In a few short days, the world will be awash in media hype to mark the 50th anniversary of the Beatles’ album Sgt. Pepper’s Lonely Hearts Club Band, which was released on June 1, 1967. Frequently cited as the greatest album ever made , Sgt. Pepper’s is a pop culture touchstone that has influenced countless musicians over the past half century. The record’s golden anniversary has spawned several new books, a “super deluxe” album reissue, a new documentary about the Fab Four andeven a pretty hilarious mashup of the album with another pop culture icon, Star Wars.
Why did this album, the Beatles’ eighth studio release, become such a resounding success? How did the Beatles manage to create an album that was both popular and critically acclaimed? Then there’s that question of the ages for music geeks of a certain age: Why is Sgt. Pepper’s more celebrated than the Beach Boys’ masterpiece, Pet Sounds, which preceded the Beatles classic and is no slouch, ranking No. 2 — right behind Sgt. Pepper’s — on Rolling Stone‘s list of the best albums of all time?

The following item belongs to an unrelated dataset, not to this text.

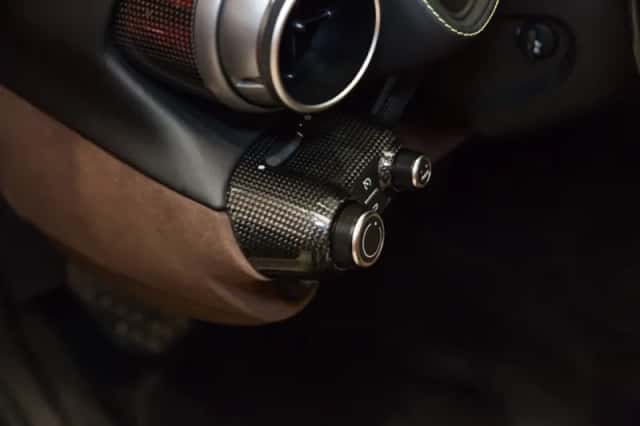Ferrari 812 GTS (2021) thumbnail 6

I’ve been pondering those questions since I finished reading Derek Thompson’s book Hit Makers: The Science of Popularity in an Age of Distraction. Even though Sgt. Pepper’s was released long before our present age of distraction, the fact that it has endured and remains the band’s master work may offer some hints for modern-day bands and brands, musicians and marketers who want to create works that endure.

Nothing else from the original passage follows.